Re: [PATCH] submodule: avoid sentence-lego in translated string
- Date: Mon, 9 Oct 2017 06:14:12 +0200
- From: Martin Ågren <martin.agren@xxxxxxxxx>
- Subject: Re: [PATCH] submodule: avoid sentence-lego in translated string
On 9 October 2017 at 03:30, Junio C Hamano <gitster@xxxxxxxxx> wrote:
> On Mon, Oct 9, 2017 at 9:51 AM, brian m. carlson
> <sandals@xxxxxxxxxxxxxxxxxxxx> wrote:
>> On Sun, Oct 08, 2017 at 10:32:35AM +0100, Philip Oakley wrote:
>>> From: "Martin Ågren" <martin.agren@xxxxxxxxx>
>>> > - die(_("submodule entry '%s' (%s) is a %s, not a commit"),
>>> > - cb->path, oid_to_hex(oid), typename(type));
>>> > + die(_("submodule entry '%s' (%s) is not a commit"),
>>> > + cb->path, oid_to_hex(oid));
>>> "submodule entry '%s' (%s) is not a commit. It is a %s"
>>> This puts the two parts in separate sentences?
>> Languages with multiple grammatical genders are going to have problems
>> with this. In French, "a tree" is "un arbre" (masculine), but "a tag"
>> is "une étiquette" (feminine). We don't currently have a Spanish
>> translation, but this would break there as well.
>> Splitting the article out with the type name is still problematic for
>> languages where articles vary by case, like German, since the
>> translation might be reused in another place requiring a different case.
> While all of the above is correct, would we really need to subject typename()
> to translation? IOW, can't we just treat 'blob', 'tree', 'commit' and
> 'tag' as-is,
> as terms of art (i.e. with a specific or precise meaning within a
> given discipline
> or field and might have a different meaning in common usage)?
In another subthread, I sort of suggested "... is of type '%s', not 'commit'".
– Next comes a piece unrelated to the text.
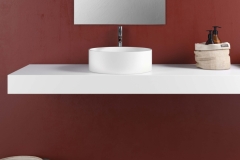 Lavabo_Apoyo_Bowl_Gral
So "commit" and "%s" would appear as the file-format-level terms that they are.
I think it looks odd but I guess it might work in Swedish, FWIW.
In this particular case, we could have three specific messages plus one default
message (which at the time shouldn't ever occur). Or we have one specific
message for the "tag"-case, which seems to have been Stefan's original
motivation, and a generic message for the other cases.